Woodson also pushes the boundaries for herself as an artist with each book. "Take Miracle's Boys, for example. I had written Melanin Sun, which is the first time I wrote from the point of view of a guy, and then I wrote If You Come Softly, which was from the points of view of a girl and a guy, and then I wanted to see if I could write a book that didn't have any women in it [Miracle's Boys]." The book she is currently working on for Putnam, tentatively titled Locomotion, is narrated by an 11-year-old boy and is written entirely in poetry.

Although Woodson says people pigeonhole her writing as "issue-related" or "edgy," for her the books address universal questions. "The questions that arise in the text were questions that arose for me [as a young adult]. Why is there this fear of the other? What is this lesson my parents are trying to teach me about stay with your own, or don't stay with your own?" She cites Lena in I Hadn't Meant to Tell You This : " 'We all just people here.' Why can't we just be people here?" These are everyday questions for Woodson. "My grandparents were wealthy, my mom was not. I would walk into these worlds of privilege and then walk back into this other world. My little brother is biracial. So race and economic class and sexuality--these were always issues that were a part of my life. The idea of writing stories that didn't deal with them just seemed so unrealistic and not true."

Her books may not provide easy answers, but they do convey Woodson's own optimism. "The writing that I have found to be most false is the writing that doesn't offer hope," she says. "What comes to mind, of course, is Sounder.

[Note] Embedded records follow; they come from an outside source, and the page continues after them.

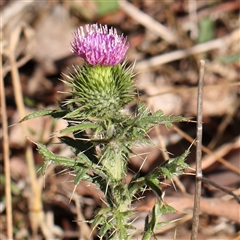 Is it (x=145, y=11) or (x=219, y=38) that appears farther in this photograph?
(x=145, y=11)

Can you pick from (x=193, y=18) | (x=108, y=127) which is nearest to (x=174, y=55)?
(x=193, y=18)

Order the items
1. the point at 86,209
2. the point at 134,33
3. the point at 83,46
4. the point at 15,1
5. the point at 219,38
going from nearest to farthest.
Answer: the point at 83,46
the point at 86,209
the point at 15,1
the point at 219,38
the point at 134,33

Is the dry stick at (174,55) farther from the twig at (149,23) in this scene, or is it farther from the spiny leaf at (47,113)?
the spiny leaf at (47,113)

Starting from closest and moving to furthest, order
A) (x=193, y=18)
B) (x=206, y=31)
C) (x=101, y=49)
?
1. (x=101, y=49)
2. (x=206, y=31)
3. (x=193, y=18)

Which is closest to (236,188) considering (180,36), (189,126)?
(189,126)

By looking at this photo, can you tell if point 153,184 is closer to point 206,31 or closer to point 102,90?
point 102,90

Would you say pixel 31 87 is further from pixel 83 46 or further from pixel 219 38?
pixel 83 46

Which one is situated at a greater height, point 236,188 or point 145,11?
point 145,11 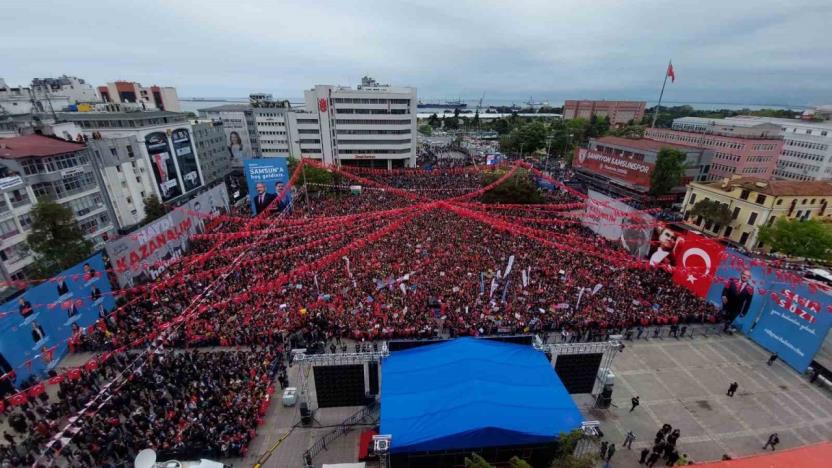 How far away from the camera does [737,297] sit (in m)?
18.5

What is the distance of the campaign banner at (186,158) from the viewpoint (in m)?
37.1

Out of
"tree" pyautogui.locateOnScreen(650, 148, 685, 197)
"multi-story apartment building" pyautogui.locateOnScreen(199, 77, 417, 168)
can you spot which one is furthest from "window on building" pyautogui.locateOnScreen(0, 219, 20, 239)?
"tree" pyautogui.locateOnScreen(650, 148, 685, 197)

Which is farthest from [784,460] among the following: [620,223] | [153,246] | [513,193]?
[513,193]

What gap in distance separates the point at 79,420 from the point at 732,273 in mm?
29118

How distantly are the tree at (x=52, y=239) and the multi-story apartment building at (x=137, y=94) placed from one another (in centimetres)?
5444

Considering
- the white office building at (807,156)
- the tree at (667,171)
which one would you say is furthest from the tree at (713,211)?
the white office building at (807,156)

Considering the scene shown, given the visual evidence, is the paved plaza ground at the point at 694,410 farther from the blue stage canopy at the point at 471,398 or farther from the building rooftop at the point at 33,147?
the building rooftop at the point at 33,147

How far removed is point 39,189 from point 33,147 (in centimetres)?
252

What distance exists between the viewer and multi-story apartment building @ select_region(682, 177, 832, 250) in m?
27.0

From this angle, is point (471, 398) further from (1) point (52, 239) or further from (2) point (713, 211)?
(2) point (713, 211)

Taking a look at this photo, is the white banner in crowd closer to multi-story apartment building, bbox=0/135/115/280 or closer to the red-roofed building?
multi-story apartment building, bbox=0/135/115/280

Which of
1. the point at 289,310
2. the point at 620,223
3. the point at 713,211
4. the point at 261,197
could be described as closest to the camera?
the point at 289,310

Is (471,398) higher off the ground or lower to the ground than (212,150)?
lower

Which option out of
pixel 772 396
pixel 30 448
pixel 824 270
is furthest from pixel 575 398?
pixel 824 270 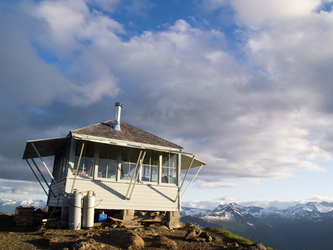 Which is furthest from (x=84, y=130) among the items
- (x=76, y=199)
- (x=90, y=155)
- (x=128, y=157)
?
(x=76, y=199)

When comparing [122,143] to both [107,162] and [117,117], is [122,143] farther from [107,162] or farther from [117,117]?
[117,117]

I hate that book. There's this way in which that book is so bleak and so hopeless. When you look at A Tree Grows in Brooklyn, they were dirt poor, and there were these moments of hope and sheer beauty. If you love the people you create, you can see the hope there."

Her commitment to young people extends beyond her readers to budding writers. Each year she teaches teens at the National Book Foundation's summer writing camp and co-edits an anthology of their work. Woodson says, "It's so rewarding for me as a writer to know that there are these young voices who have something to say, whose stories are coming from different cultures and whose voices have historically been silenced because they're coming from poor communities. The fact that these words are going to be given to the world in some way, shape or form is thrilling."

Even as Woodson's books explore the very issues that tear families and society apart, the characters convey a strength and a conviction that they will come out on top. "Life and people and situations are just so complicated. For me it's about doing that work of going deeper into the character and into the story, not so much to find that hope but to reveal it."

Woodson's neighborhood and surroundings reflect her words in a kind of living mantra. Upstairs lives Woodson's friend, "landlord" and one of a handful of first readers of her work. Down the street, the school playground is awash in a sea of faces in every shade. "I exist in this really diverse community that has gay people, straight people, black people, white people, all kinds of people in it," she says. "This is enough for me. I'll stay right where I am and try to figure out how, through writing, through living, through my everyday actions, I can make this world a better place for the kids who are coming up. I feel like, if I can do that, then I've done my work."